• **Task to carry out**:
Give the entries again exactly as they appear, but without the images.

• **Records to use**:
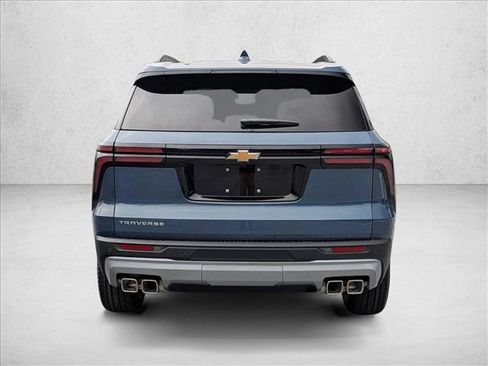 New 2026 Chevrolet Traverse LT FWD image 8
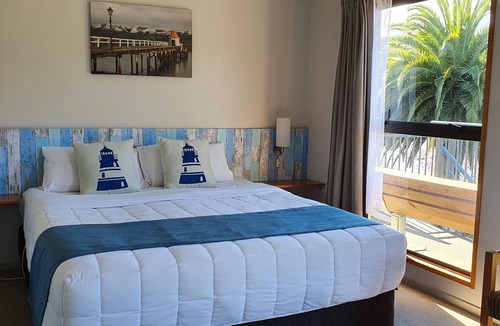 Akaroa Hotel | Akaroa Waterfront Motels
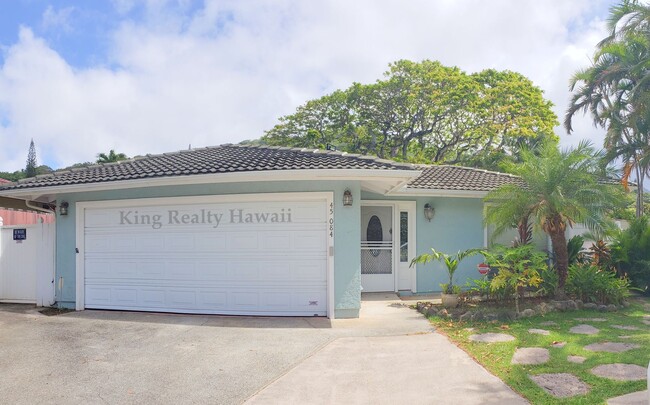 Building Photo - 4 br / 3 bath w/Lg Lanai &detached office ...
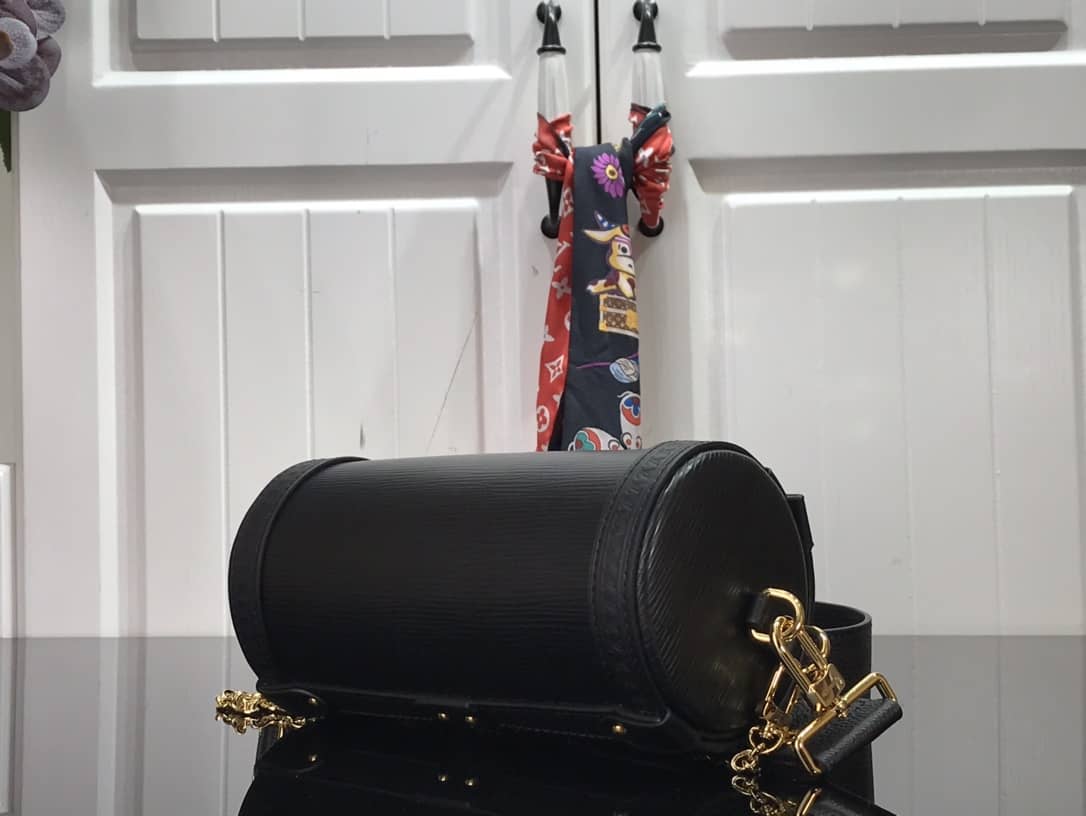 L0vis Vvtt0n Papillon Trunk Monogram Chain Replica Crossbody Bag Black M57835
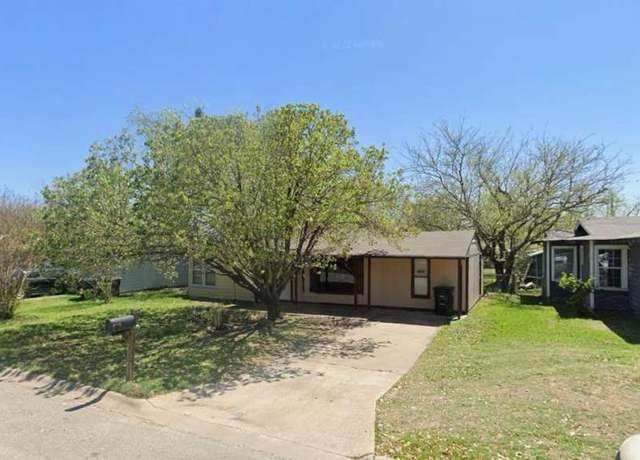 Property at 905 Euclid St, Cleburne, TX 76033, 3 beds, 1 bath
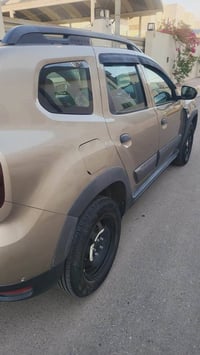 داستر • ١٦٠٠ • ماشيه ١٢٥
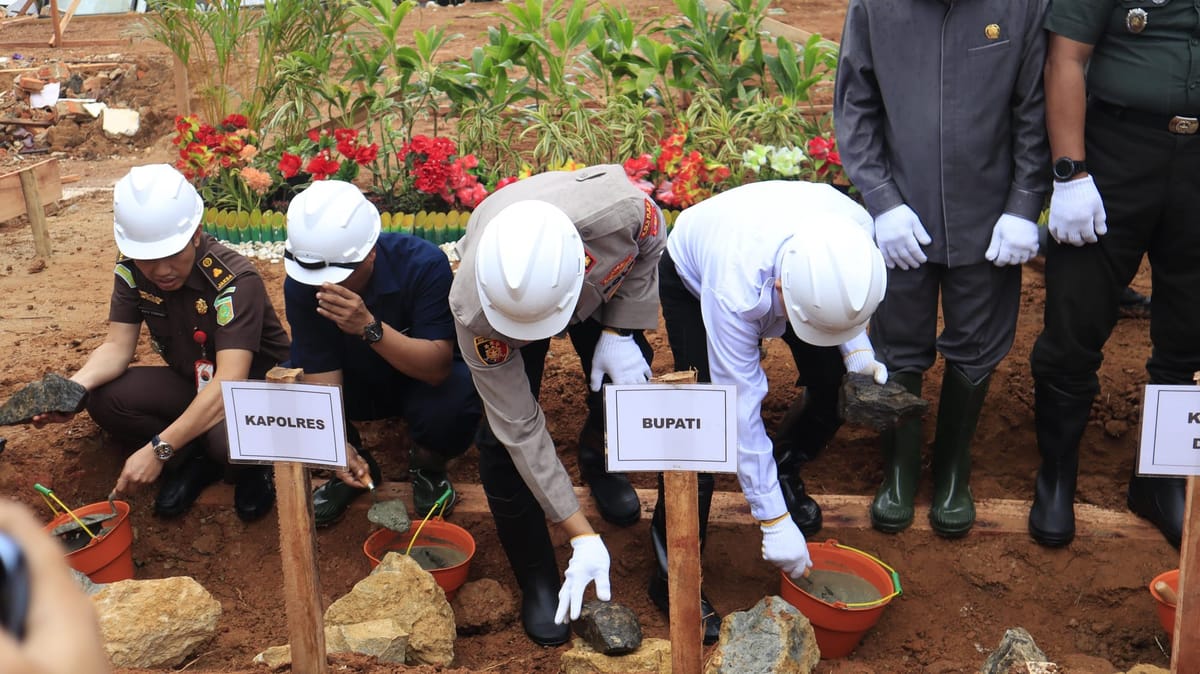 Dukung Program Nasional, Polres Kutai Timur Laksanakan Groundbreaking SPPG MBG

• **Output for this task**:
 New 2026 Chevrolet Traverse LT FWD image 8
 Akaroa Hotel | Akaroa Waterfront Motels
 Building Photo - 4 br / 3 bath w/Lg Lanai &detached office ...
 L0vis Vvtt0n Papillon Trunk Monogram Chain Replica Crossbody Bag Black M57835
 Property at 905 Euclid St, Cleburne, TX 76033, 3 beds, 1 bath
 داستر • ١٦٠٠ • ماشيه ١٢٥
 Dukung Program Nasional, Polres Kutai Timur Laksanakan Groundbreaking SPPG MBG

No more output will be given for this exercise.